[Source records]
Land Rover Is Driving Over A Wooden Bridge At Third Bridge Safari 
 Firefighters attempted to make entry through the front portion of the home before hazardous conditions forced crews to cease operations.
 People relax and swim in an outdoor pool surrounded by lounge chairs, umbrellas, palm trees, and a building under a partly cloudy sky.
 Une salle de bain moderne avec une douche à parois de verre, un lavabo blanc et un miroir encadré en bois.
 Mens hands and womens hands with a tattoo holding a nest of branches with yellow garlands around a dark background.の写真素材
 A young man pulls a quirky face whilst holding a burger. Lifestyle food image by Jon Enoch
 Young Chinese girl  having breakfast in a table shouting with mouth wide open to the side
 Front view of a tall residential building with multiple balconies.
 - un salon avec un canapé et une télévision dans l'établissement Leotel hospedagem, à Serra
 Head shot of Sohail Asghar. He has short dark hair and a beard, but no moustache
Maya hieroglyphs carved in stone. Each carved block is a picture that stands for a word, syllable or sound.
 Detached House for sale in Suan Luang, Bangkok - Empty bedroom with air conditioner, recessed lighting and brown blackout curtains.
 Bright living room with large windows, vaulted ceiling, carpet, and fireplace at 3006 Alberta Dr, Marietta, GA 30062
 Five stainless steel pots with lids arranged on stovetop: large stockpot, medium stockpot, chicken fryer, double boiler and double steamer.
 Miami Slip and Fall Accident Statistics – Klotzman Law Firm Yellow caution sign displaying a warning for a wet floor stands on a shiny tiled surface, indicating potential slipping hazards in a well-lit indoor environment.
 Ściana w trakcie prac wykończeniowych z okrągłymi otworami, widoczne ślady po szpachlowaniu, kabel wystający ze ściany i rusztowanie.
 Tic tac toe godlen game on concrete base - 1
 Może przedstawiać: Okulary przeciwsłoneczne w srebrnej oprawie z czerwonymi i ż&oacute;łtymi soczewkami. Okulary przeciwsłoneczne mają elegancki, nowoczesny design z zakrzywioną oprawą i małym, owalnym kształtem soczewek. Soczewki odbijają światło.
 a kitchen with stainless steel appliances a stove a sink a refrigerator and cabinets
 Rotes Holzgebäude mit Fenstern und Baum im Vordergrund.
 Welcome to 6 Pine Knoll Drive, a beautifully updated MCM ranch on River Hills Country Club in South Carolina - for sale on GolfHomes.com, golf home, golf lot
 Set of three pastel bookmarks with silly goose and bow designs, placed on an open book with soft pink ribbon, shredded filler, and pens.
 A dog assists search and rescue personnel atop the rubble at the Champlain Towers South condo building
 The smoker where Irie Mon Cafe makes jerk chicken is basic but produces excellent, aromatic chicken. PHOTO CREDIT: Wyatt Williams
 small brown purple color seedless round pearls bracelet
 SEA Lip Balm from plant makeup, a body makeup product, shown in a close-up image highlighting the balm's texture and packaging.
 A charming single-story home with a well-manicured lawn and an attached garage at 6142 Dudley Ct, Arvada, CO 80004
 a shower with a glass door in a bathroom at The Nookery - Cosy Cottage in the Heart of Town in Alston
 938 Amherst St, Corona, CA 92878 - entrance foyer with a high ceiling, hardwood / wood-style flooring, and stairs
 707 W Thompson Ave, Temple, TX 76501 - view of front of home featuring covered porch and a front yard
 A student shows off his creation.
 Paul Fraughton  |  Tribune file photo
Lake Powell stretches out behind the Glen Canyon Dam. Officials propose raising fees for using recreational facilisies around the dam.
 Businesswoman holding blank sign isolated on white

ABOUT THIS TASK
Using the records given above, list every line that includes the word "steel".

ANSWER SPACE
 Five stainless steel pots with lids arranged on stovetop: large stockpot, medium stockpot, chicken fryer, double boiler and double steamer.
 a kitchen with stainless steel appliances a stove a sink a refrigerator and cabinets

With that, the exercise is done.